TASK DETAILS: Everything in the listing except the pictures should be written out exactly.

DATA SECTION:
= = =

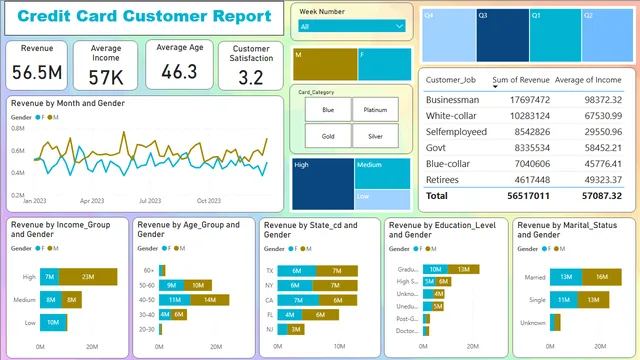 Credit_Card_Financial_Analysis_Dashboard — Finance dashboard in Power BI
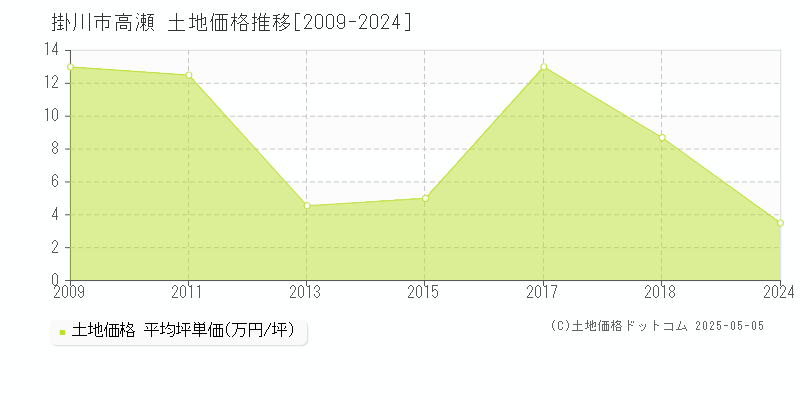 高瀬(掛川市)の土地価格推移グラフ(坪単価)[2009-2024年]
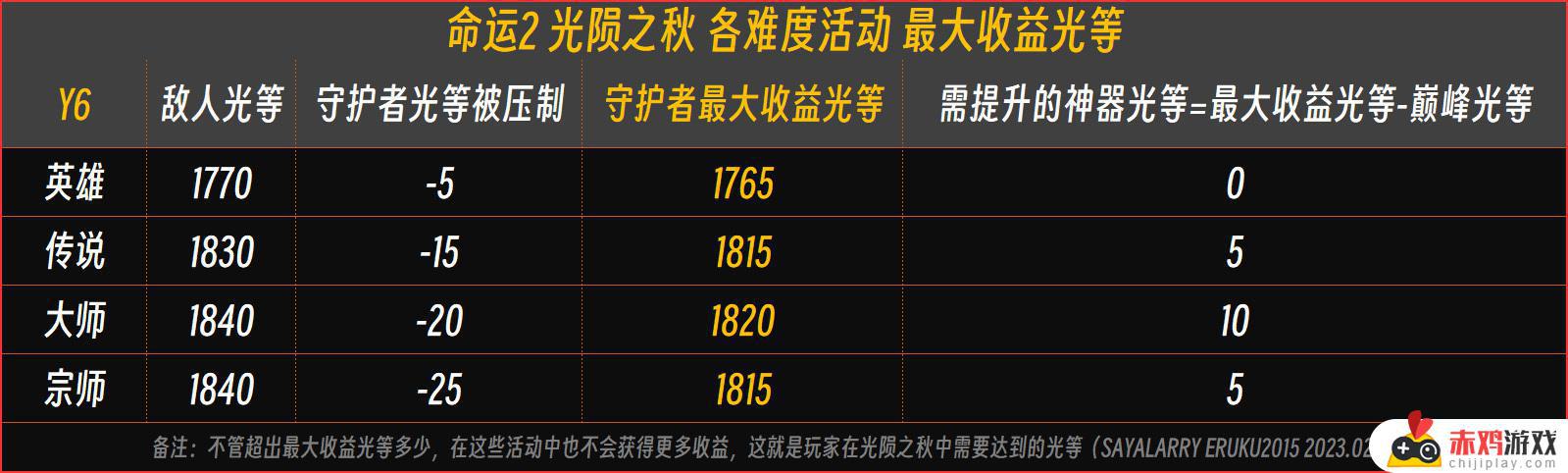 命运2 光陨之秋 改动汇总量大管饱，补丁 7.0.0.1 内容 等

= = =

RESULT OF THE TASK:
 Credit_Card_Financial_Analysis_Dashboard — Finance dashboard in Power BI
 高瀬(掛川市)の土地価格推移グラフ(坪単価)[2009-2024年]
 命运2 光陨之秋 改动汇总量大管饱，补丁 7.0.0.1 内容 等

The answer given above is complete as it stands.